**DATA RECORDS**
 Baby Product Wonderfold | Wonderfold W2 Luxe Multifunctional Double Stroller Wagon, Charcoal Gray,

...

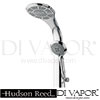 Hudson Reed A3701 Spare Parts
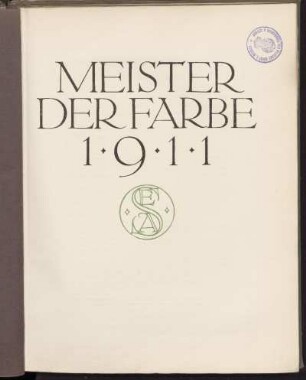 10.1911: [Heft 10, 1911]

* * *

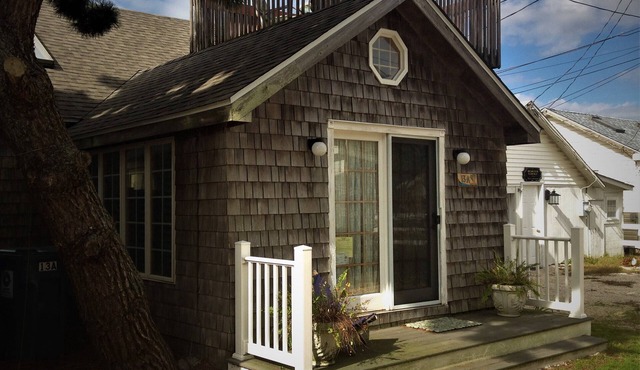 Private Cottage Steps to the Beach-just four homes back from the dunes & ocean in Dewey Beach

**ABOUT THIS TASK**
Lines wanted from the entries above: the one with "Hudson Reed A3701 Spare Parts", the one with "10.1911: [Heft 10, 1911]", and all lines between. Please copy them exactly, without the pictures and without anything else.

**EXERCISE SOLUTION**
 Hudson Reed A3701 Spare Parts
 10.1911: [Heft 10, 1911]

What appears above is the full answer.